Oh, the smash burger. In my opinion, it’s the best style of burger out there. A thinly charred burger with shaved onions pressed into it, two slices of the best cheese and sauce dripping down your hands — come on! If paper towels could be listed on the ingredient list, it would be at the top. Some Oklahoma onion burger purists skip toppings altogether, but I’m taking the history of this burger and expanding on it with a BBQ smoky slaw to add creamy, vinegary flavors and a crunchy texture that’s pure bliss.
Preheat a griddle, large griddle pan or large cast-iron skillet over medium heat for at least 10 minutes.
Whisk together the barbecue sauce, mayonnaise, 2 tablespoons pepperoncini liquid, mustard, smoked paprika and vinegar in a small bowl. Season with salt and pepper.
Roughly chop the pepperoncini peppers and toss together with the coleslaw mix in a large bowl. Add three-quarters of the sauce and toss. Reserve the remaining sauce for the bun and burger.
Loosely form the ground beef into 4 balls. Season with salt and pepper on all sides.
Brush the griddle with canola oil and add 1 ball of beef griddle. Add 1/4 cup of the shaved onions on top of the ball and smash it down with a heavy metal spatula. You want to smash and spread the meatball, making sure those onions are pushed into the beef, and creating a patty that will be bigger than your bun. Cook until browned, about 2 minutes. Flip and cook until the onions are steamed and caramelized, about 2 minutes. For this burger, it’s OK to give it another press with your spatula—we want that Maillard reaction (see Cook's Note). Top the burger with 1 tablespoon of the remaining mayonnaise mixture, then 2 slices of cheese and cook until melted, 1 minute. Repeat with the remaining beef, cooking in 2 batches.
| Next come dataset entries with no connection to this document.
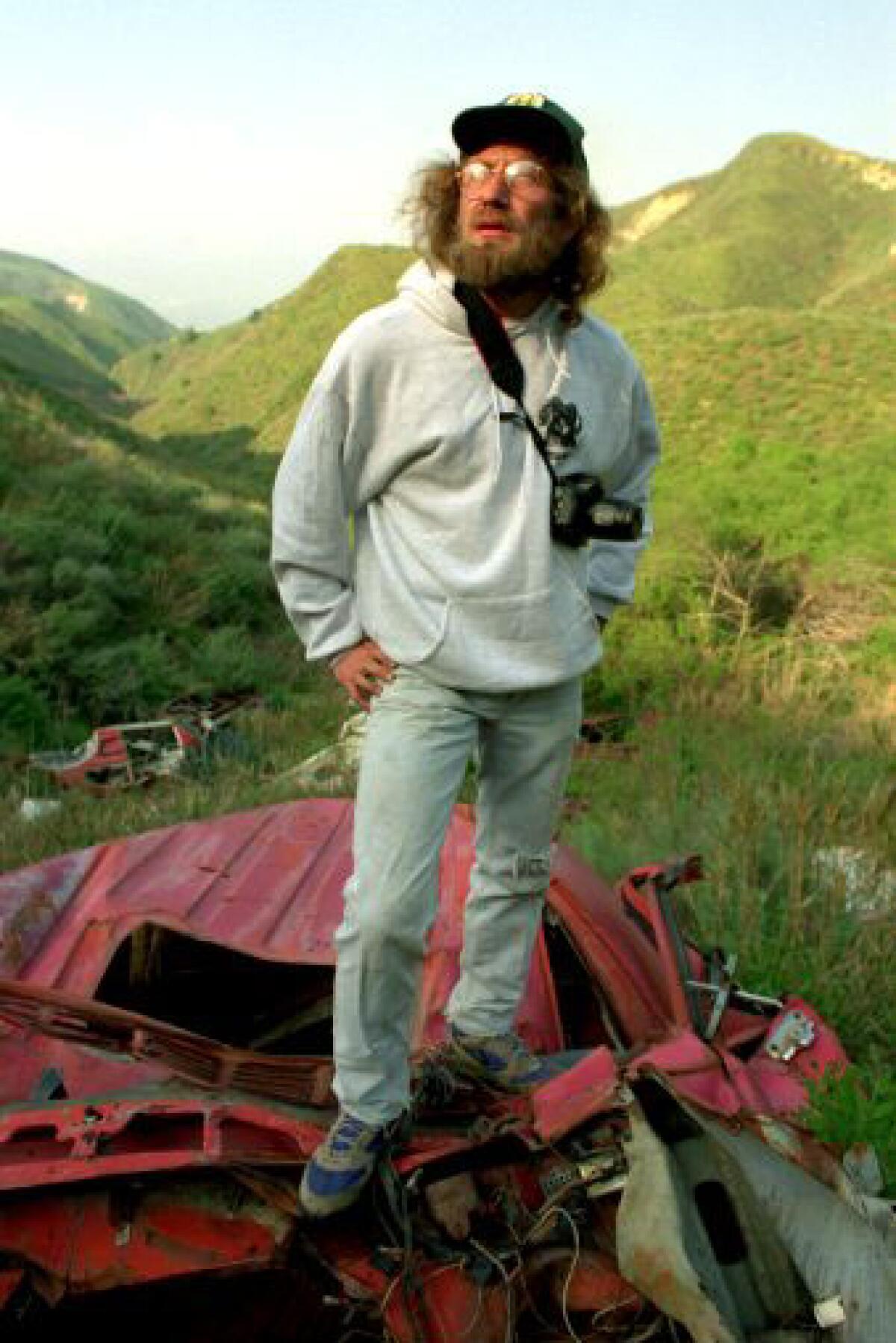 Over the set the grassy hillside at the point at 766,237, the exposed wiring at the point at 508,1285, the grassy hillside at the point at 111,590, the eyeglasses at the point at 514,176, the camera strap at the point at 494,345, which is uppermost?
the grassy hillside at the point at 766,237

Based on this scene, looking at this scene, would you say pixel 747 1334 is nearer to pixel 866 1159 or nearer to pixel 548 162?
pixel 866 1159

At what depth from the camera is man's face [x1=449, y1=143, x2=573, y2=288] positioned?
2.40m

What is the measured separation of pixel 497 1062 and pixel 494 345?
1.64 meters

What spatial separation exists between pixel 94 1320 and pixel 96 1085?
0.60m

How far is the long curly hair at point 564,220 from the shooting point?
2.50 m

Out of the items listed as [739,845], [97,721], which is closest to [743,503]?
A: [97,721]

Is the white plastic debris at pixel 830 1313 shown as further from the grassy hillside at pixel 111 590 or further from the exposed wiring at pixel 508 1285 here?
the grassy hillside at pixel 111 590

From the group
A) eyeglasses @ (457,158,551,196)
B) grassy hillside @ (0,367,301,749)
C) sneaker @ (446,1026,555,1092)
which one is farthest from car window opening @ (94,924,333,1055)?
grassy hillside @ (0,367,301,749)

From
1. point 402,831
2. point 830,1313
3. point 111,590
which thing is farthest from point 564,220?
point 111,590

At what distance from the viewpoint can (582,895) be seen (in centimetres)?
312

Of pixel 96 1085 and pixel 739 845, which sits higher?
pixel 96 1085

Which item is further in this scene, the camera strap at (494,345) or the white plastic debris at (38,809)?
the white plastic debris at (38,809)

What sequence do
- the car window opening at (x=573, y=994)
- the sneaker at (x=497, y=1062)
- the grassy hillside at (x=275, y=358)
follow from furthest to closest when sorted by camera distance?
the grassy hillside at (x=275, y=358) < the car window opening at (x=573, y=994) < the sneaker at (x=497, y=1062)

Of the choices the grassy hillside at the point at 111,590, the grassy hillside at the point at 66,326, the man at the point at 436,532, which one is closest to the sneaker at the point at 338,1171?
the man at the point at 436,532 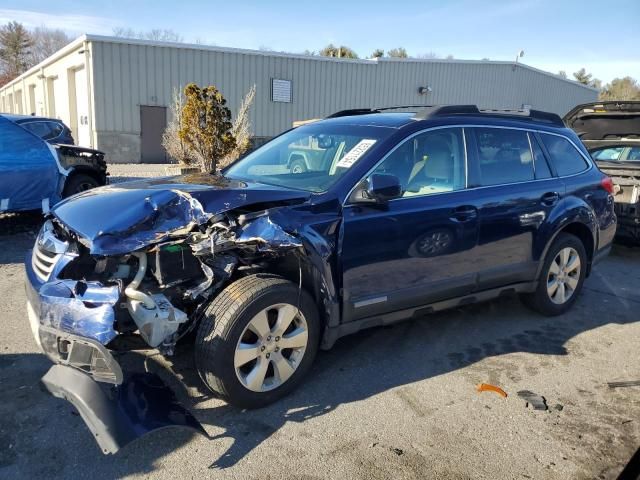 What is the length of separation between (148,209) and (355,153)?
1.50 metres

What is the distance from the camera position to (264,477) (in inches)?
102

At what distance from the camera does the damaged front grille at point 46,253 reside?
10.2 ft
Meanwhile, spread the mayonnaise mixture on the bottom of the buns and cover with 4 dill pickle chips.
Once the cheese has melted, place each burger on a bottom bun and top with 1/4 cup of the slaw mixture. Smash each top bun on the slaw and enjoy! Your friends will thank you.
When the sugars and proteins in the beef heat up, a Maillard reaction occurs and results in the beautiful browning of these burgers.